Bawaslu Provinsi Sulut menyoroti beberapa hal hasil pengawasan uji petik data pemilih yang melalui jajaran Bawaslu Kabupaten/Kota. "Kami ingin lakulan konfirmasi atau kroscek langsung melalui forum pleno Provinsi ini, terkait dengan beberapa temuan kami di Bawaslu Kabupaten/Kota," ucap Linu.
Setidaknya, ada tiga persoalan yang cukup mengemuka saat itu. Pertama, terkait dengan 3 orang pemilih di Kabupaten Bolaang Mongondow Selatan (Bosel). "2 orang dinyatakan meninggal dunia dengan bukti adanya akta kematian. 1 orang lagi belum ada akta kematian, ini harus ditindaklanjuti agar tau kejelasannya," kata Linu saat itu.

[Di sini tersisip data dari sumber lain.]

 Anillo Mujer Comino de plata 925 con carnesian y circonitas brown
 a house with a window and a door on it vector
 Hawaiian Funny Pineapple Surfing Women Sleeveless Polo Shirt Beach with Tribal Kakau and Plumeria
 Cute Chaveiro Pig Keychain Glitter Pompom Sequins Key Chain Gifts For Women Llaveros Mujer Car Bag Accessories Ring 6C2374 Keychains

Selain itu, ada juga temuan 2 pemilih pensiunan POLRI di Kabupaten Bolaang Mongondow Timur yang alih status menjadi warga sipil. Terakhir, soal keberadaan pemilih ber-NIK 99 (pemilih yang melakukan perekaman di luar negeri).

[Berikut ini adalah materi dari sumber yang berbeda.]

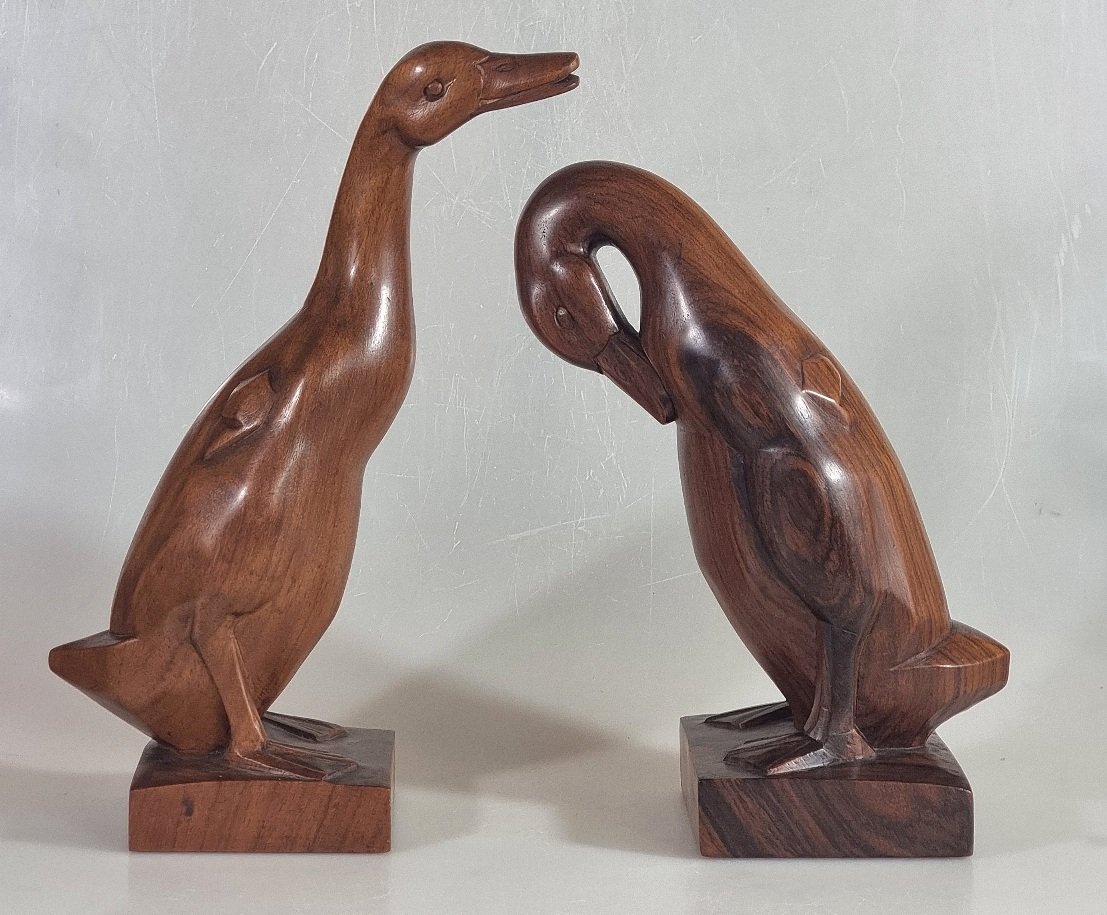 émile Just Bachelet — Two Art Deco Ducks In Rosewood - S.a.s. Paris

Soal ini, Ardiles Mewoh ikut menyarankan, menurutnya. Pemilih yang ber-NIK 99 ini perlu dilakukan coktas secara keseluruhan. "Perlu dipastikan dulu keberadaam Pemilih ber-NIK 99 ini, peenting untuk dilakukan coklit terbatas secara komprehensif sebelum menetapkan status Pemilih. Sebab ini berkaitan dengan konsekuensi hilangnya hak pilih seseorang," tegas Ardiles.
KPU Sulut menyatakan menerima saran dan masukan Bawaslu Sulut dan di catat dalam Berita Acara (BA) Rekaptulasi Daftar Pemilih Berkelanjutan. Selain itu, KPU Sulut juga menetapkan Data Pemilih pada PDPB Semester II ini, dengan rincian Pemilih Laki-Laki berjumlah 1.011697, Pemilih Perempuan berjumlah 991.694, Total 2.003.391 Pemilih.
Rapat pleno di tutup dengan penyerahan dokumen Berita Acara (BA) Rekapitulasi Daftar Pemilih Berkelanjutan kepada masing-masing perwakilan. Turut hadir, perwakilan Kepolisian Daerah Sulut, perwakilan Kantor Wilayah Imigrasi, dan Disdukcapil Provinsi Sulut.